Nancy Tengler, chief investment officer at Tengler Wealth Management, doesn’t expect stocks to churn out returns at the pace they did when the Federal Reserve began easing monetary policy. But she is continuing to bet on a rise in shares of large U.S. companies as well as so-called cyclical shares, which are sensitive to changes in economic conditions.

“We think the greater risk is not being exposed to equities,” Ms. Tengler said.

Wall Street forecasts are hardly set in stone. Around this time last year, the average S&P 500 target for the end of 2019 was 3100, according to a review of research from seven firms that had released forecasts. 

That isn’t far off from where the broad index is currently trading. But by the first week of January, Citigroup Inc., BMO Capital Markets and Credit Suisse Group AG had already lowered their 2019 targets for the S&P 500, judging they looked too ambitious after a bruising global selloff in December 2018. Analysts’ forecasting efforts were stymied in part by the fact that many had released their initial 2019 targets in the final two months of 2018 when the market was in the middle of a tumultuous pullback.

Many firms then had to play catch-up later on in the year after growing optimism over a U.S.-China trade deal and signs of easing monetary policy ahead from the Fed helped drive stocks to records. Credit Suisse raised its year-end target for the S&P 500 by 100 points in March; Goldman Sachs Group Inc. followed suit in July, though it simultaneously lowered its earnings forecast.

Forecasters have also been caught off guard in the past by the collapse in oil prices in 2015, the U.S. presidential election in 2016 and the unexpectedly big slide in global bond yields this year. By April, firms including HSBC Holdings PLC, JPMorgan Chase & Co. and Goldman Sachs wound up lowering their 2019 forecasts for U.S. government bond yields.

If recent years were any guide, the initial targets that investment banks have released over the past couple of weeks will likely change again, perhaps multiple times, before the end of 2020.

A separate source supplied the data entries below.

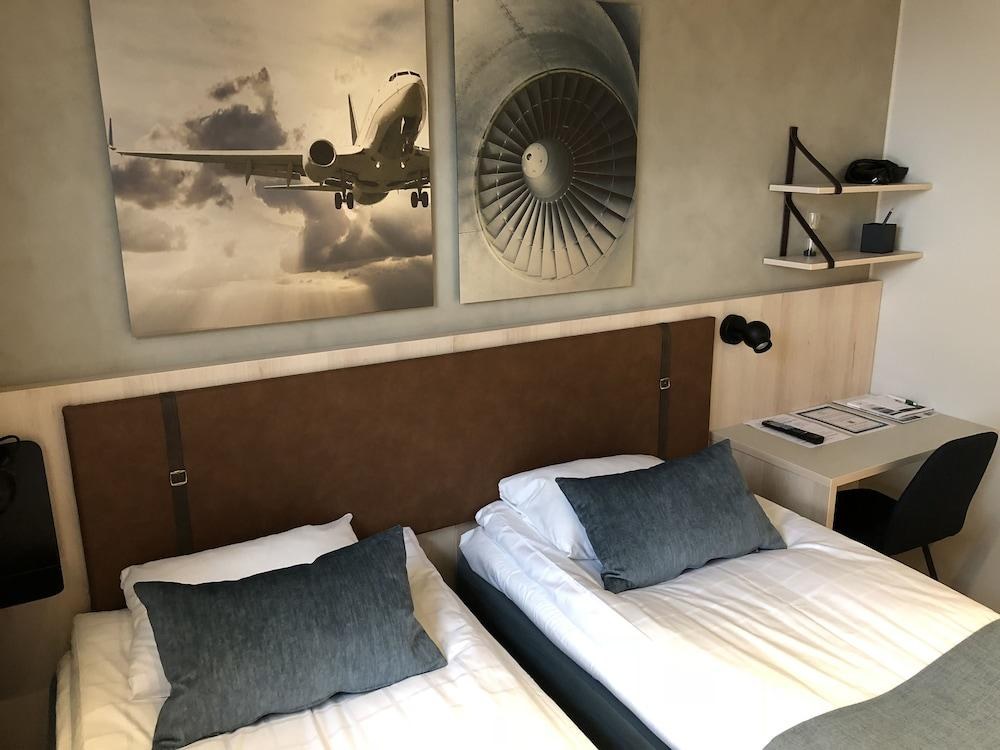AIRPORT HOTEL PILOTTI photo 3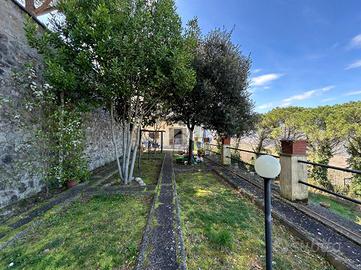 2 LOCALI A CASTEL VISCARDO
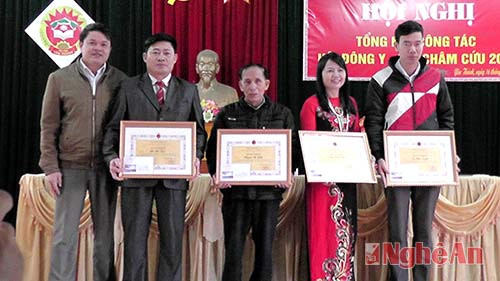 Các cá nhân xuất sắc nhận bằng khen của Trung ương Hội Đông y Việt Nam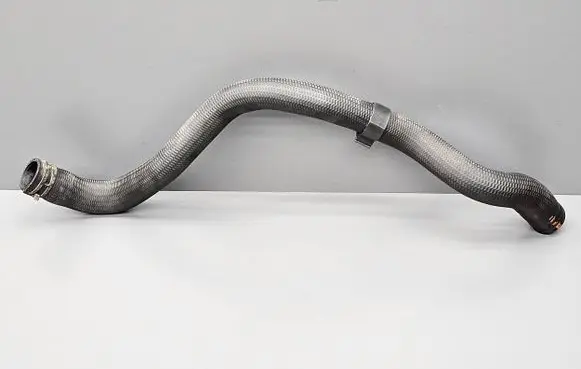 Mazda 3 III Engine coolant pipe/hose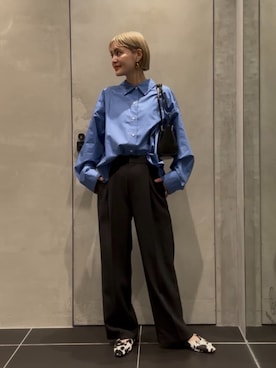 「秋服」｜「アイテム（サンダル）」を使った、稲垣　オデット エ オディール スタッフさん（レディース・157cm）の秋コーディネート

On the high end, there is Credit Suisse, which expects the S&P 500 to finish next year at 3425. Its thesis: Buybacks will remain abundant, and the pace of corporate-earnings growth will pick up to the mid-single digits next year, helping stocks notch high single-digit returns in 2020.

Over the past couple of months, “we’ve really changed our tone,” said Jonathan Golub, chief U.S. equity strategist at Credit Suisse, on a conference call.

He previously warned clients not to extend purchases of riskier assets unless the Fed shifted to lowering interest rates and economic data began to stabilize. But with the Fed done with its third interest-rate cut of the year and some manufacturing indicators bottoming out, the outlook for 2020 looks solid, he said. He added that he has taken comfort in the fact that shares of economically sensitive companies like banks, manufacturers and materials firms have been leading the market higher in recent months.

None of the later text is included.